I’m currently taking Linguistics 110, a general education linguistics course, from Dr. Cynthia Hallen, a professor in the linguistics department at Brigham Young University. Dr. Hallen was one of my dad’s favorite professors when he was a linguistics major at BYU in the ’90s, so I was really excited to take her class, and it has definitely been a ride.
On the first day of class Dr. Hallen told us that we would not have any tests in this class, just a 40-hour family history project, and a final project. I have to admit, I was taken aback by this. A family history project in a linguistics class? I didn’t see the connection. But I just decided to be happy, since this project did mean that I didn’t have to memorize any trivial facts or information for tests in this class and could just try to learn as much as I could.
The project seemed overly difficult at first, but after many hours of agonizing and crying on the phone to my mom, I had a plan in place, and I finally started to enjoy the process of learning more about my ancestor that I chose to write about, Franklin S Harris.

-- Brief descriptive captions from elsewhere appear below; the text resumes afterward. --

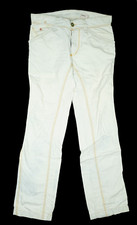 ENERGIE Connelly Herren Jeans Hose Straight Cargo 32/34 W32 L34 weiß dicke Naht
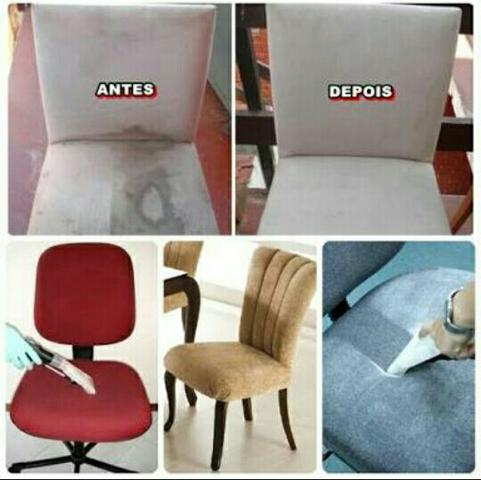 Higienização de cadeiras
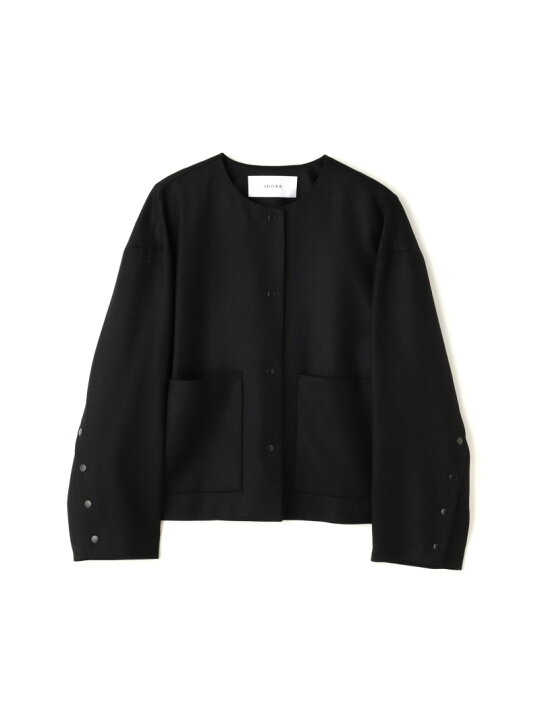 楽天市場】【SALE／57%OFF】ウールサキソニーノーカラージャケット 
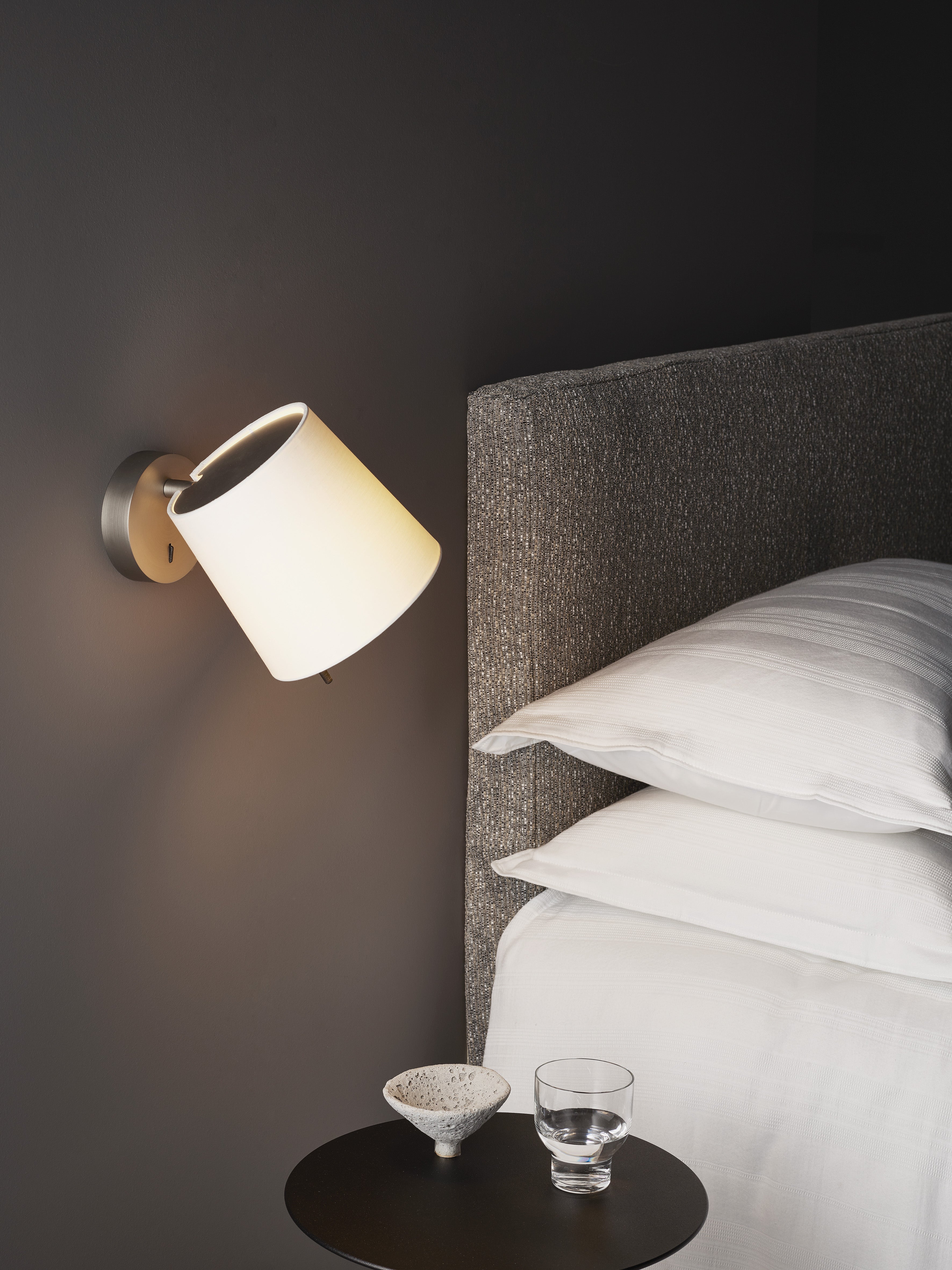 Mitsu Wall Light- Matt Nickel/ Bronze
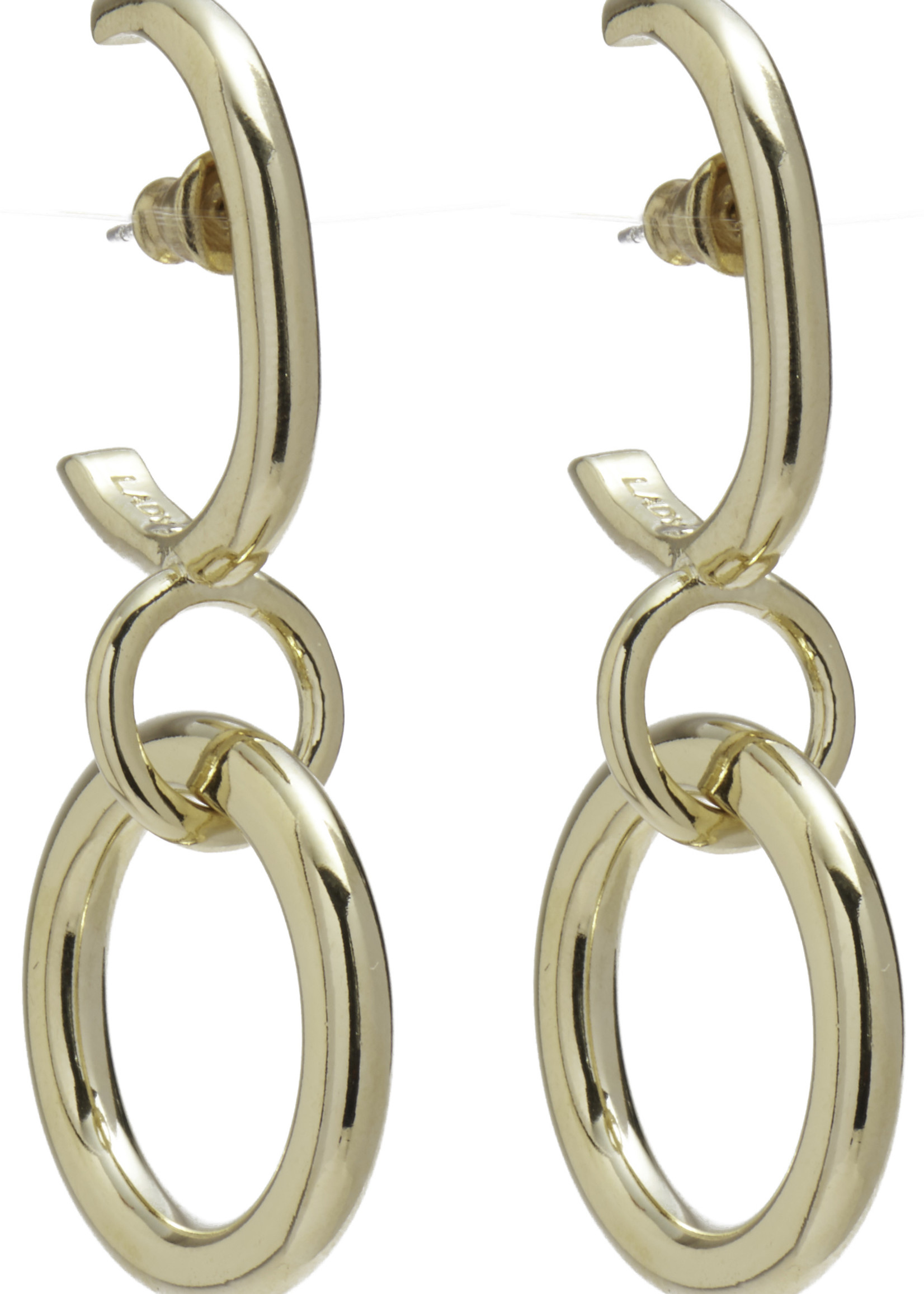 Lady Grey Latch Earring in 14K Gold Plated Bronze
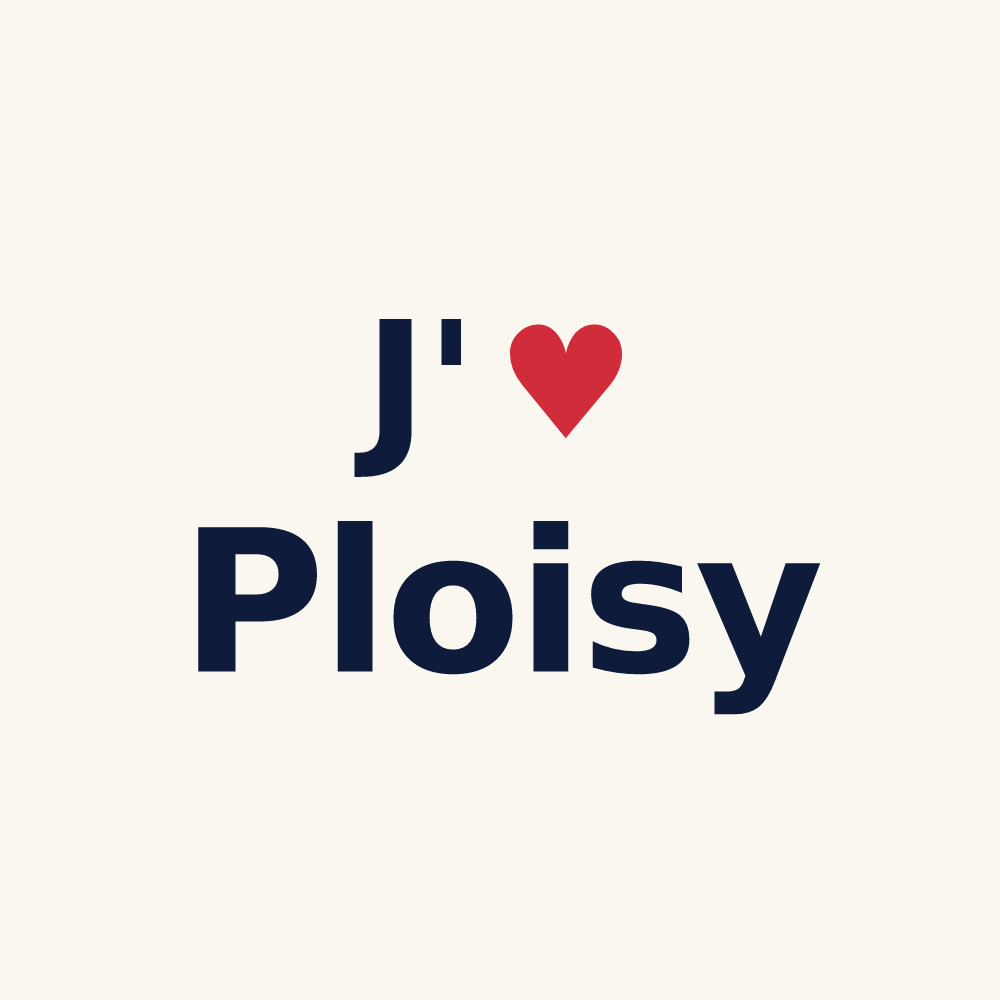 Tasse personnalisée Ploisy — design J'aime Ploisy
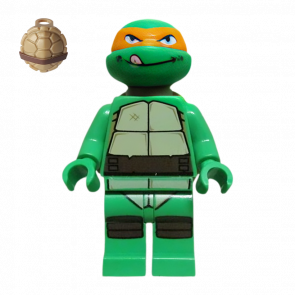 Фігурка Lego Teenage Mutant Ninja Turtles Michelangelo Cartoons tnt003 Б/У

The plan was relatively simple: Gather information about Franklin S Harris, compile it into a short children’s biography, illustrate it, and then translate it into Farsi and Arabic.
And that’s what I did, more or less. I don’t speak Farsi, so I had my brother Phineas, who’s on a mission speaking Farsi, translate it into Farsi. I am also not nearly fluent in Arabic, so I had my friend Dalton Bradford help me extensively with that translation as well.
It may seem strange that I decided on this as my medium for this project, but I promise there’s a reason behind it. I wanted to write something unique and be able to incorporate my love of painting into the project somehow, and Franklin S Harris traveled extensively in his life, so he spoke some Farsi, and he spent a lot of time in the Middle East, although he never learned any Arabic to my knowledge.